Cem anos depois.
Até aqui tentamos apontar a trajetória da inserção dos imigrantes alemães no todo da nacionalidade brasileira ou se preferirmos na “nova pátria” durante os 100 primeiros anos. Depois da chegada da primeira leva tinham-se passado 115 anos quando começou a Segunda Guerra Mundial em 1º de setembro de 1939. Nesse meio tempo, fora implantado o Estado Novo por Getúlio Vargas, em 11 novembro de 1937. A Constituição então promulgada previa a imposição do “abrasileiramento” compulsório dos descendentes dos imigrantes de todas as procedências étnicas. Esse processo, na verdade, começou logo depois que a primeira leva de imigrantes desembarcou em solo brasileiro e se repetiu cada vez que um novo contingente se vinha somar aos que já se encontravam aqui. Mas, sobre esse encontro com uma realidade geográfica e uma realidade sócio-cultural de todo estranha aos imigrantes, já foi objeto de análise nos scapítulos que antecederam. Em resumo, nos primeiros 100 anos o “abrasileiramento” obedeceu ao ritmo e às peculiaridades antropológica e historicamente esperáveis, tomando em consideração as circunsctâncias em que aconteceu. Foi mais lento do que, por ex, nos USA pois, lá os filhos dos imigrantes nascidos no país eram obrigados por lei a aprender a língua inglesa mesmo que falassem a língua materna em família e no relacionamento quotidiano com as demais pessoas. Aqui no Brasil não havia essa obrigação legal. Como a língua representa o instrumento mais determinante da preservação da tradição cultural, a não obrigatoriedade legal de aprender o português foi, evidentemente, um fator importante para a preservação por mais tempo dos hábitos, costumes e valores.

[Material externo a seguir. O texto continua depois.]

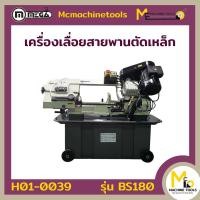 ราคา เครื่องเลื่อยสายพานแนวนอนตัดเหล็ก 7 นิ้ว MEGA รุ่น BS180 รับประกันสินค้า 6 เดือน By mcmachinetools (19122186529)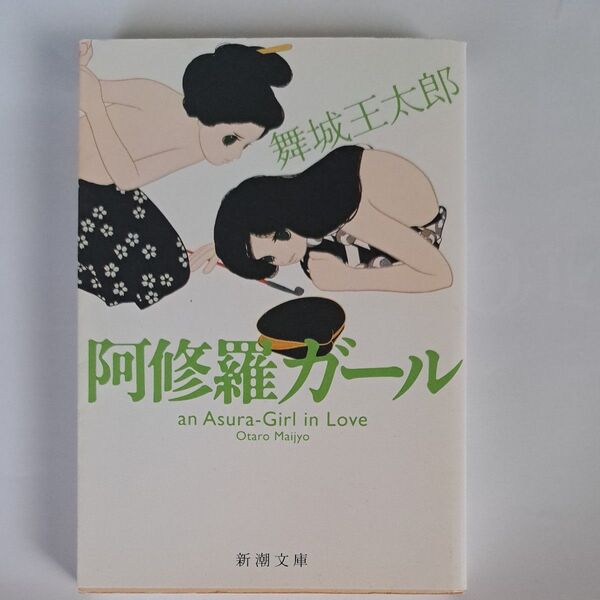 阿修羅ガール (新潮文庫) 舞城王太郎/著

Mas, voltando à situação criada pelo Estado Novo e a consequente Campanha de Nacionalização, a situação dos descendentes dos imigrantes no que dizia respeito à integração nacional, sofreu um choque de proporções difíceis de dimensionar. Num golpe foi proibido o uso da língua alemã não só em público como também em ambientes privados. Toda e qualquer publicação em língua estrangeira foi interditada e confiscadas aquelas que se encontravam em poder de pessoas, famílias, associações, clubes, igrejas, escolas e demais instituições. Nas missas e cultos religiosos, os sermões e homilias tinham que ser exclusivamente em português. E, para garantir a execução das determinações legais, a polícia foi mobilizada, até em comunidades remotas no inerior colonial, para garantir a observância das determinações. Chegou ao ponto de entrar nas igrejas durante a missa para recolher os livros de reza de senhoras de idade e as que se recusavam a entregar o seus, ameaçadas de prisão. Casos foram registrados em que agentes a serviço da nacionalização foram flagrados em adegas de casas para surpreender as famílias falando alemão.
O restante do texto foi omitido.